So he called himself Captain
Thomas, by which name he was afterwards known.
When these preliminaries had been arranged, he gathered his crew
together and announced that instead of going to St. Thomas to get a
commission as a privateer, he had determined to keep on in his old
manner of life, and that he wished them to understand that not only was
he a pirate captain, but that they were a pirate crew. Many of the men
were very much surprised at this announcement, for they had thought it a
very natural thing for the green-hand Bonnet to give up pirating after
he had been so thoroughly snubbed by Blackbeard, and they had not
supposed that he would ever think again of sailing under a black flag.

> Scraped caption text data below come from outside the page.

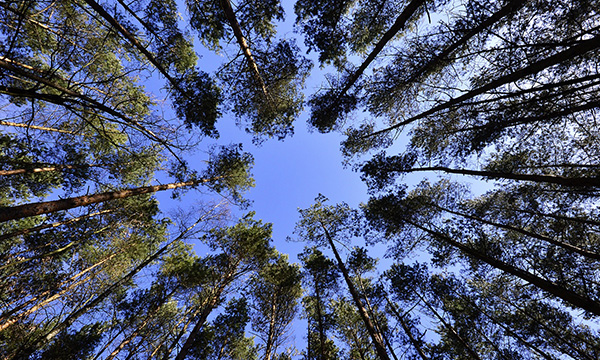 Titelbild eines Waldes für die Energiepflanzen Referenzseite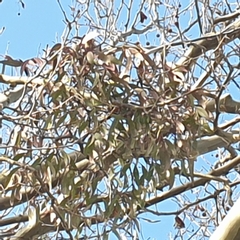 Muellerina eucalyptoides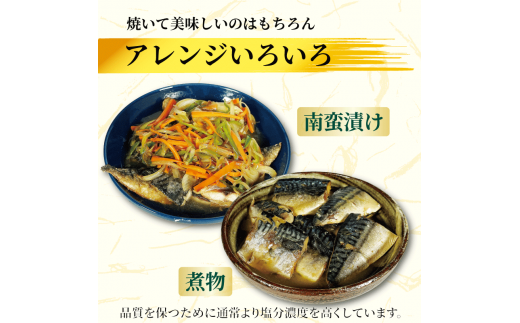 訳あり 塩サバ 約700g~約5kg 冷凍 大容量 鯖 塩 さば 塩鯖 塩さば 魚 海鮮 海産物 おかず ご飯 おすすめ ギフト 贈答 切り身 不揃い サバフィーレ 鯖フィーレ フィーレ 焼き魚 人気 愛知県 南知多町 【配送不可地域：離島】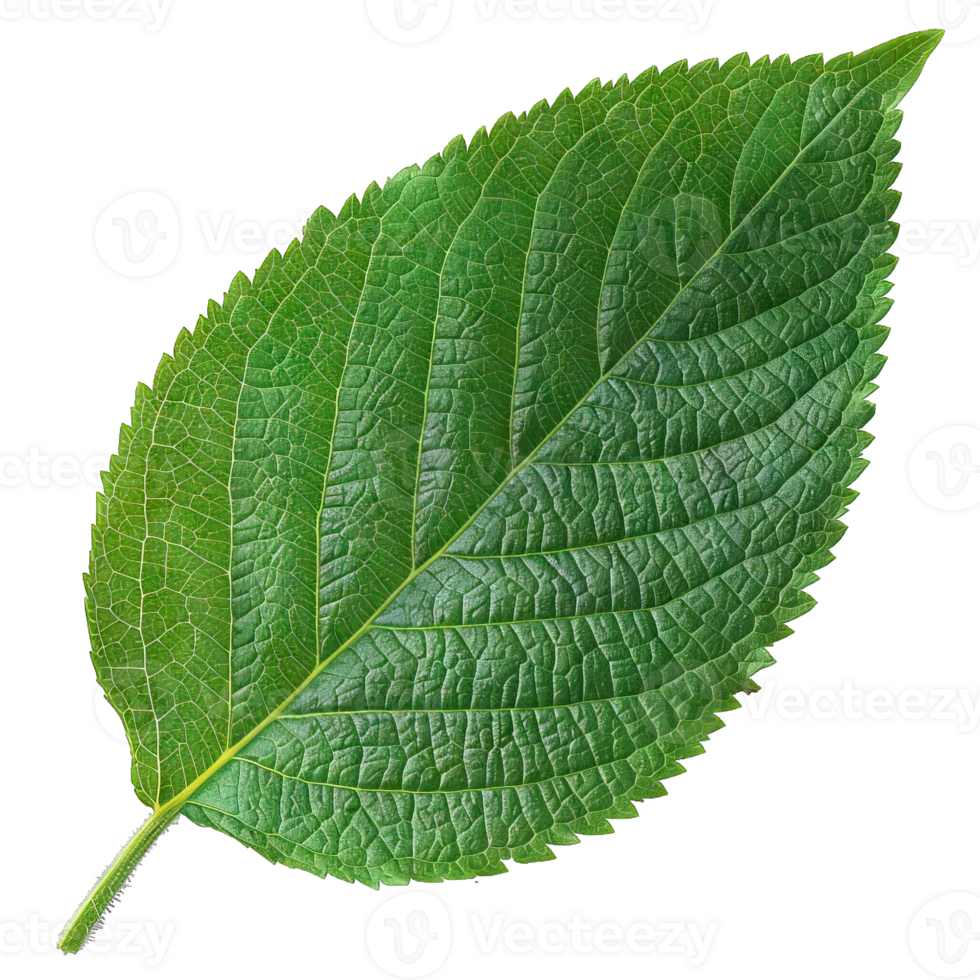 Isolated Image of a leaf png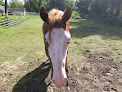 Pet boarding services Keekay in Port Allen in Louisiana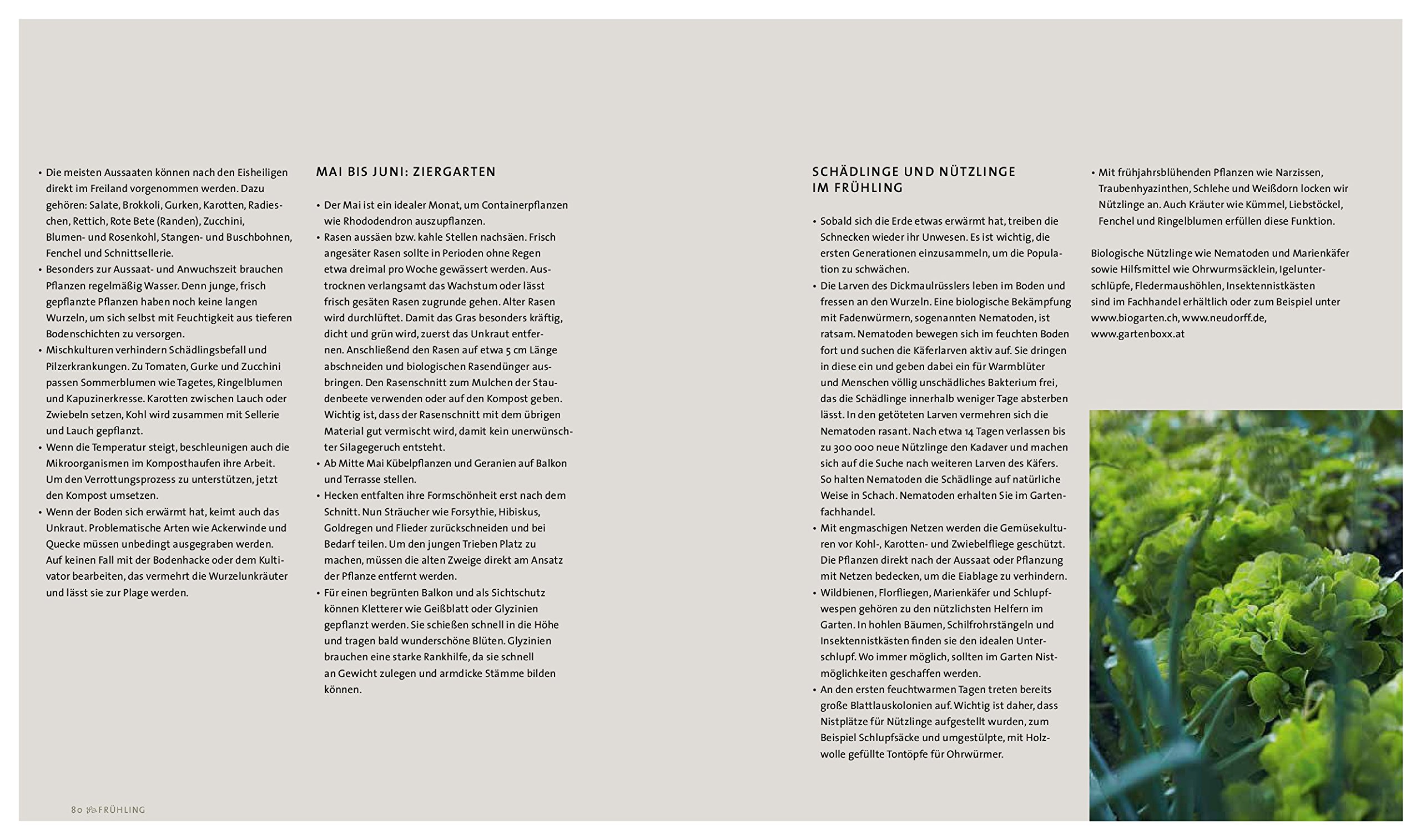 The Lazy Gardener und seine Gartengeheimnisse: Mit weniger Aufwand zur besseren Ernte im Biogarten. Der Ratgeber für mehr Gemüse, Blumen und Kräuter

However, the crew's opinion of the green-hand captain had been a good
deal changed. In his various cruises he had learned a good deal about
navigation, and could now give very fair orders, and his furious pursuit
of Blackbeard had also given him a reputation for reckless bravery which
he had not enjoyed before. A man who was chafing and fuming for a chance
of a hand-to-hand conflict with the greatest pirate of the day must be a
pretty good sort of a fellow from their point of view. Moreover, their
strutting and stalking captain, so recently balked of his dark revenge,
was a very savage-looking man, and it would not be pleasant either to
try to persuade him to give up his piratical intention, or to decline to
join him in carrying it out; so the whole of the crew, minor officers
and men, changed their minds about going to St.